### WORK REQUIRED
Your task is to repeat, word for word, the line containing "OGLASIO SE BRNOVIĆ" and all lines that follow it to the end of the material, and no other lines.

┄┄┄┄┄┄

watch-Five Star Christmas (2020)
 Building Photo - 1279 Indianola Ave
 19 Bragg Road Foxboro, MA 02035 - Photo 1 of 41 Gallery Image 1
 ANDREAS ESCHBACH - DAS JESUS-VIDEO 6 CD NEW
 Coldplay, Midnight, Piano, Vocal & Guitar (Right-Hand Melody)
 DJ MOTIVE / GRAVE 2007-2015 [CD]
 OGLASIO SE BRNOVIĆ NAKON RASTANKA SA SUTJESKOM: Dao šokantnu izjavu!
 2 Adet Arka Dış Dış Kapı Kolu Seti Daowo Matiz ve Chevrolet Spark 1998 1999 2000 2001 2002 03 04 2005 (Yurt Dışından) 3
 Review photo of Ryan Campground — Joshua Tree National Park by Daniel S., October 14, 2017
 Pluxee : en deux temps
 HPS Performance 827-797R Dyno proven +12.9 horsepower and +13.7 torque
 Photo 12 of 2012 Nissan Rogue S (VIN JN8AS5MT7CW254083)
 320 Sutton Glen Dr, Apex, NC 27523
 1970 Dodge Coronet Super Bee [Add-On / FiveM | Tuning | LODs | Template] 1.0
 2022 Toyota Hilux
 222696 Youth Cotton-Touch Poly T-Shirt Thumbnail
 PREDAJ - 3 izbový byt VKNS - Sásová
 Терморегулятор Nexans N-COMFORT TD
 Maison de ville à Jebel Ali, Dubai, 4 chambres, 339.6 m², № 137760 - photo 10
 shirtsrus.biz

┄┄┄┄┄┄

### ANSWER SECTION
 OGLASIO SE BRNOVIĆ NAKON RASTANKA SA SUTJESKOM: Dao šokantnu izjavu!
 2 Adet Arka Dış Dış Kapı Kolu Seti Daowo Matiz ve Chevrolet Spark 1998 1999 2000 2001 2002 03 04 2005 (Yurt Dışından) 3
 Review photo of Ryan Campground — Joshua Tree National Park by Daniel S., October 14, 2017
 Pluxee : en deux temps
 HPS Performance 827-797R Dyno proven +12.9 horsepower and +13.7 torque
 Photo 12 of 2012 Nissan Rogue S (VIN JN8AS5MT7CW254083)
 320 Sutton Glen Dr, Apex, NC 27523
 1970 Dodge Coronet Super Bee [Add-On / FiveM | Tuning | LODs | Template] 1.0
 2022 Toyota Hilux
 222696 Youth Cotton-Touch Poly T-Shirt Thumbnail
 PREDAJ - 3 izbový byt VKNS - Sásová
 Терморегулятор Nexans N-COMFORT TD
 Maison de ville à Jebel Ali, Dubai, 4 chambres, 339.6 m², № 137760 - photo 10
 shirtsrus.biz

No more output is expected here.